Australia/Israel Review


Biblio File: Military Campuses

Apr 9, 2021 | Jonathan Marks

An-Najah University (Credit: Wikimedia Commons)
An-Najah University (Credit: Wikimedia Commons)

 

Not in Kansas Anymore: Academic Freedom in Palestinian Universities
Cary Nelson, Academic Engagement Network, 2021, 184 pp. A$43.25

 

It’s hard to sell an assault on academic freedom to academics. The American Association of University Professors, hardly a hotbed of pro-Israel sentiment, opposes efforts to boycott Israeli universities for threatening the free exchange of ideas. How, then, can anti-Israel scholar-activists persuade uncommitted colleagues to cancel exchange programs with Israel, to skip conferences there, and to shun teaching or research activities tied to Israeli universities? They must make Israel out to be an academic-freedom supervillain.

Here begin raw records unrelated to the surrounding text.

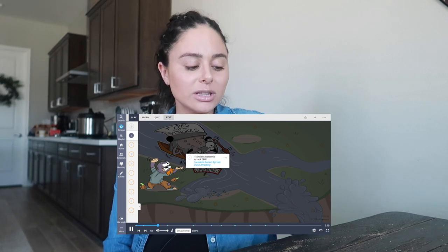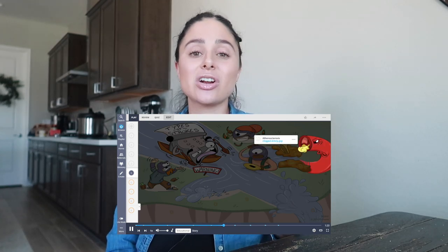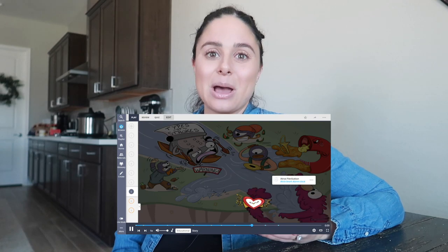Before we get started, this video is sponsored by Picmonic. Picmonic is a fantastic resource if you're preparing for the NCLEX right now, or even if you're in pathophysiology, or you're a new grad nurse. What Picmonic offers is fun, memorable stories with visuals and pictures that make learning in nursing school fun. I'm going to do a little overlay so you can see what I'm talking about — when you're studying something, it's really difficult to just sit and look at flashcards or study notes. Picmonic makes it fun by sharing stories and visuals to create a memorable experience.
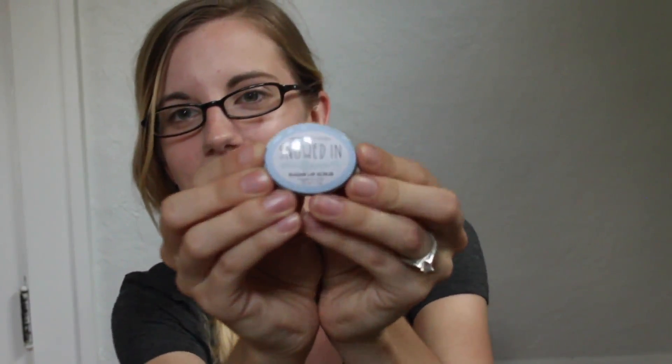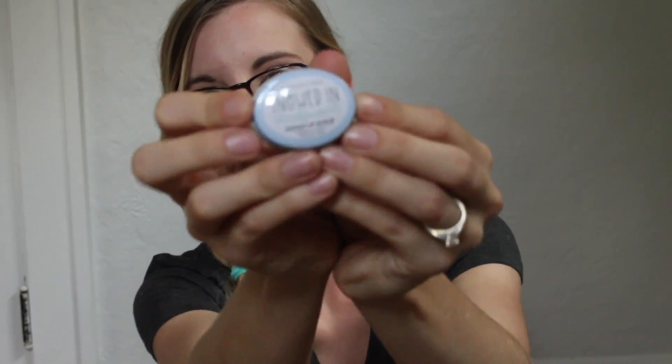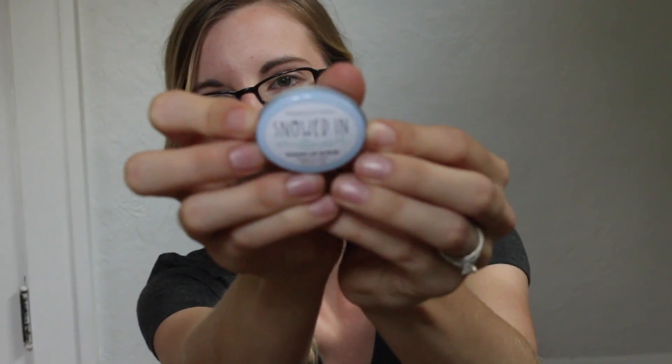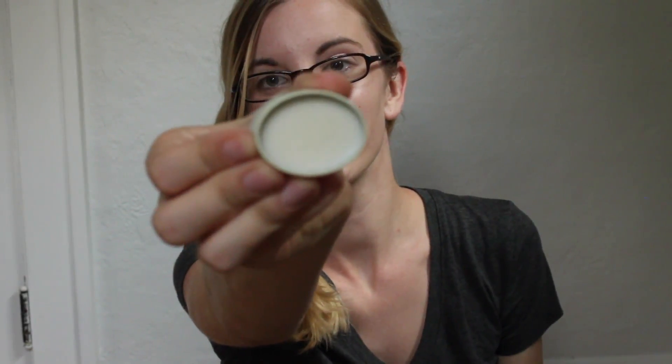Here's the other lip scrub — it's called Snowed In, vanilla mint. This stuff smells like an Andes mint — it smells so good. I can't wait to use it; I just need to get through my current ones first.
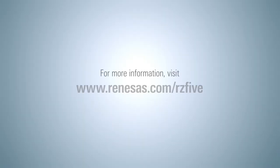Visit www.renesas.com/RZ5 for more information.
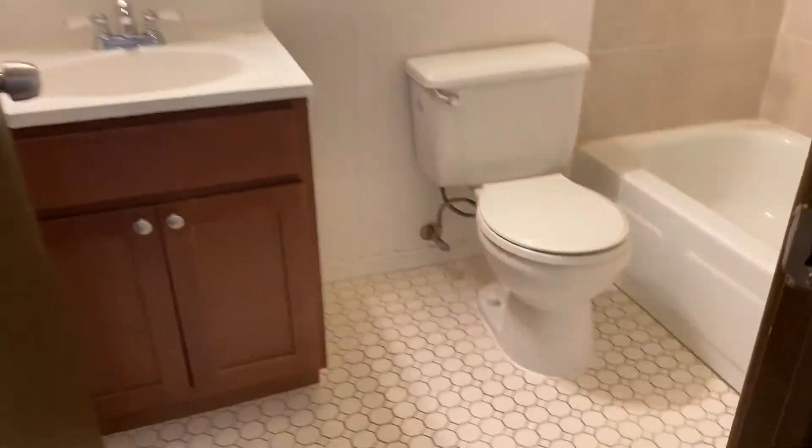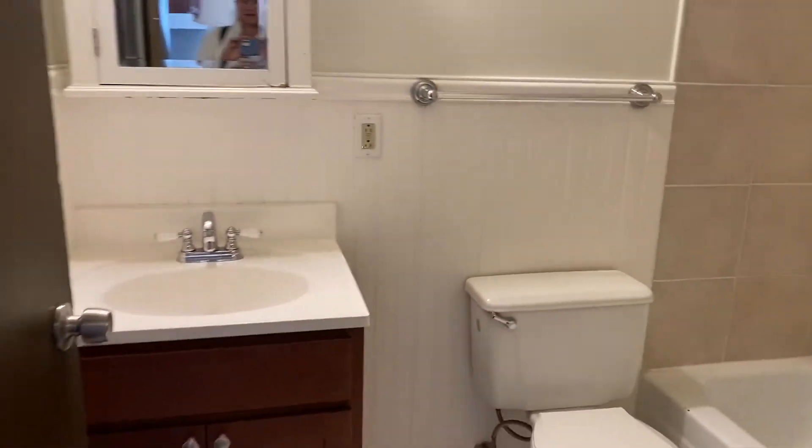And then one more closet right here with both uppers and lowers. And then into the updated bathroom as well — beautiful tile floor, nice backsplash, nice vanity and mirror.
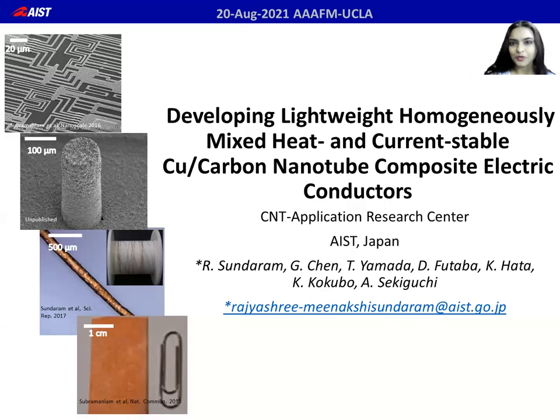Thank you for this opportunity to present our work. I am Rad Sundaram from the CNT Application Research Center, AISD, Japan. In this talk, I will present our work on developing lightweight homogeneously mixed heat and current stable copper carbon nanotube composite electric conductors.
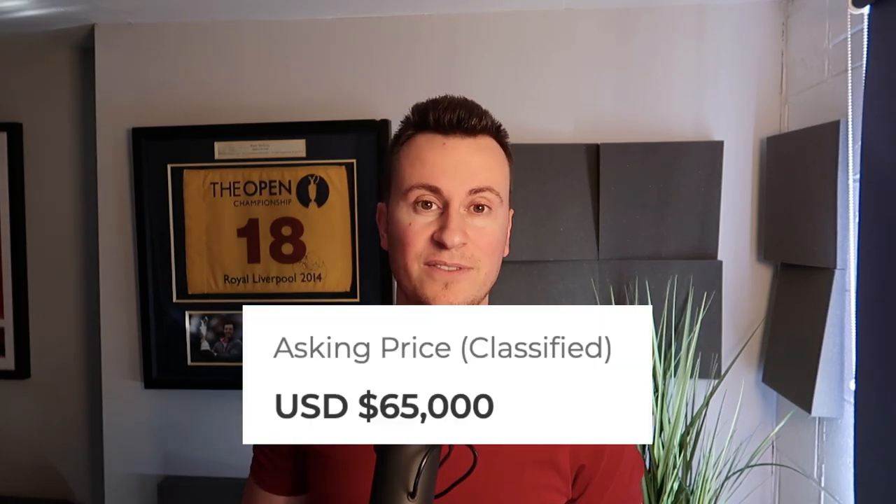Welcome back to another video. Today I want to show you a Shopify dropshipping store that's currently for sale on Flipper.com for $65,000 US dollars.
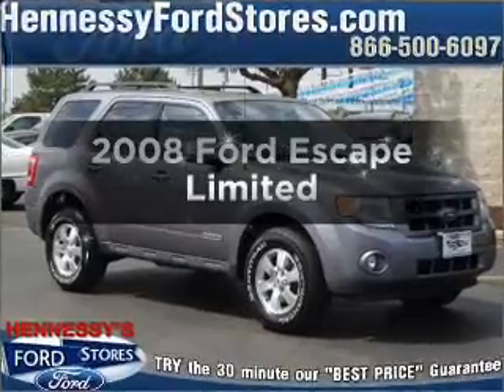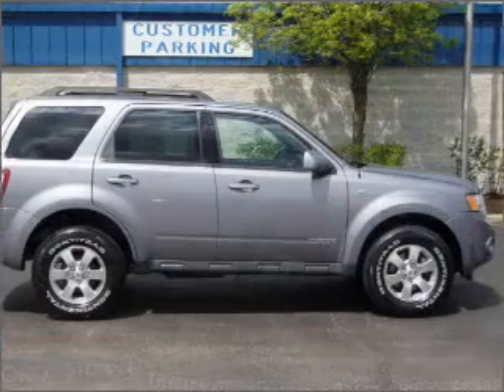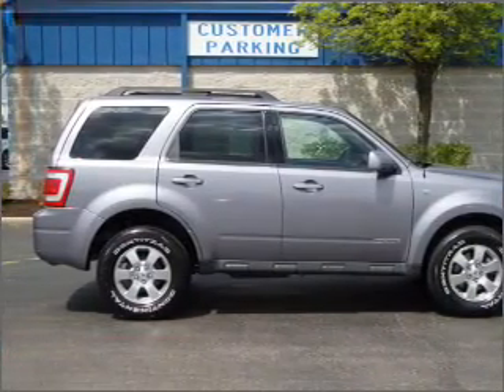Check out this 2008 Ford Escape. If you're looking for an automobile with great attributes, look no further. With a reliable six-cylinder engine connected to a smooth shifting automatic transmission.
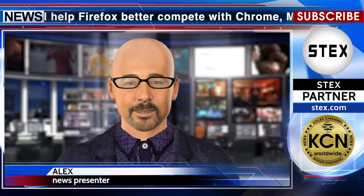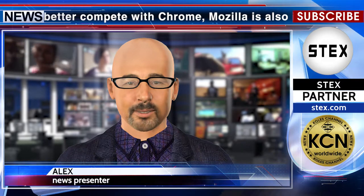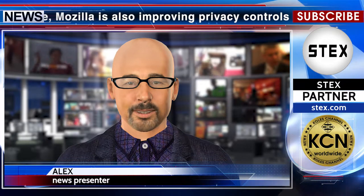Objective of the project: create a robust ecosystem of consumer, business, and investment solutions that are powerful, simple and easy to use. Stay with us. The news release partner is Stex.com.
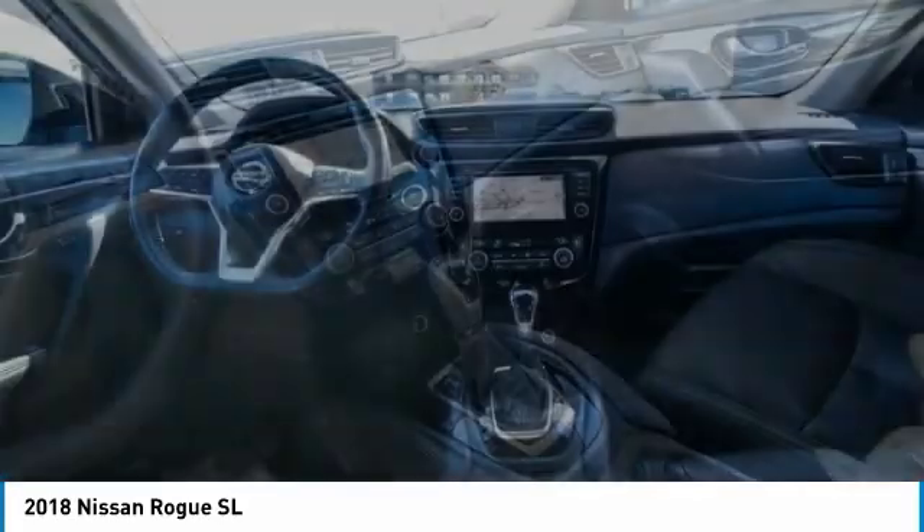Take this vehicle for a spin and see why so many shoppers are now proud owners.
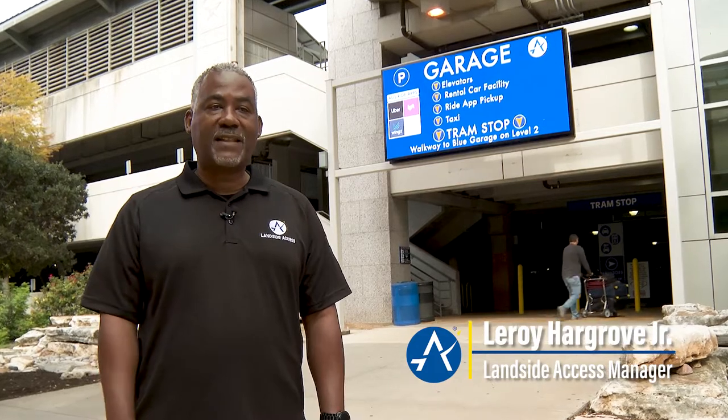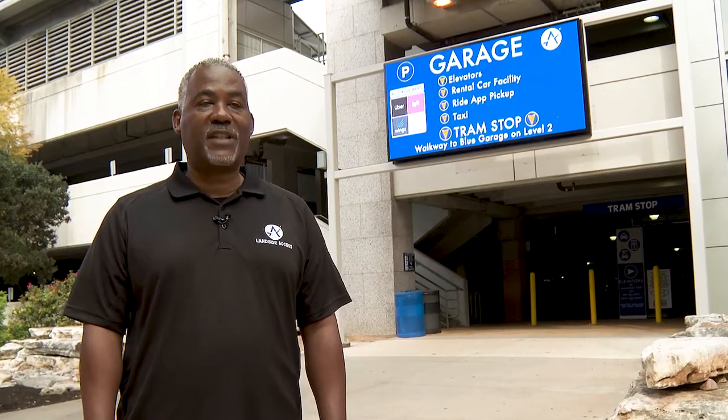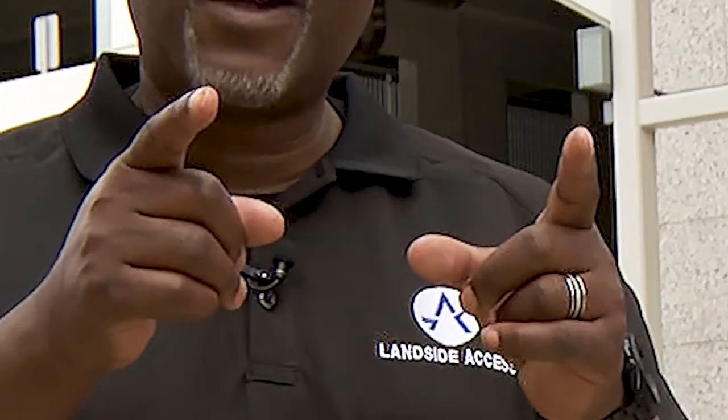Greetings from Austin-Bergstrom International Airport. I'm Leroy Hargrove Jr., and I'm here to show you where you can pick up your taxi or rideshare. All taxis and rideshare providers are waiting for you at the Ground Transportation Center, which is located on the ground level of the rental car facility. Are you ready? Let's go.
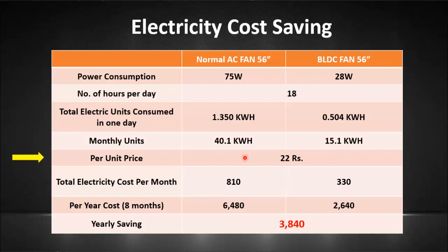Let's say the price of one electricity unit is ₹22. The total electricity cost per month comes out to ₹810 for the normal fan and ₹330 for the BLDC fan. Let's say the fan is in operation for 8 months in a year. So annually, the electricity cost for one normal fan is ₹6480 and for the BLDC fan it is ₹2640. So you can save ₹3840 by using one BLDC ceiling fan.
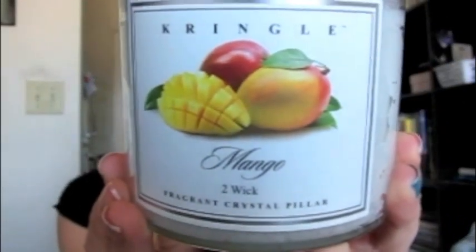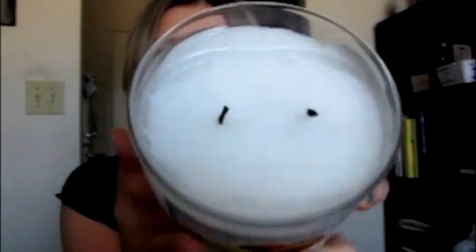The first candle is the two-wick fragrant crystal pillar candle in Mango. This smells exactly like a fresh mango — maybe a little bit sweeter. I can smell it as soon as I take the lid off. This is the same size as a Bath & Body Works candle, but the burn time on this is 55 hours, versus Bath & Body Works' 24 to 44 hours. It is a couple dollars more, though in Canada I think it's the same price. The throw on it is phenomenal — I smelled this throughout my entire apartment and even in my hallway after the candle was extinguished.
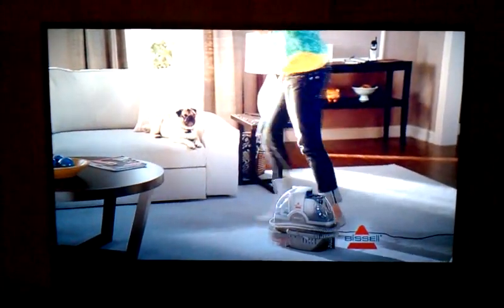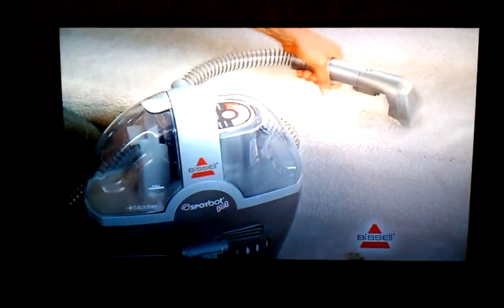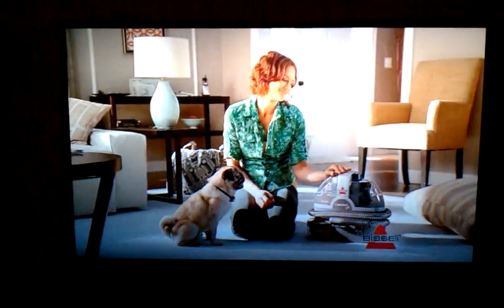Fortunately, Bissell has a better way. The Bissell Thought Thought Pet is a hands-free cleaner that automatically removes these tough stains. And it has a hand tool for hard to reach places. The stains are gone for good.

Because Israeli universities are quite free, the boycott crew targets Israel’s activities in the West Bank and Gaza. As the pro-boycott resolution adopted by the American Studies Association in 2013 puts it, “there is no effective or substantive academic freedom for Palestinian students and scholars under conditions of Israeli occupation.” When Americans hear of a raid on, say, An-Najah National University in the West Bank, we, lacking experience of Palestinian universities, imagine soldiers raiding an American campus and are horrified. But that’s a mistake, and Cary Nelson’s Not in Kansas Anymore corrects it.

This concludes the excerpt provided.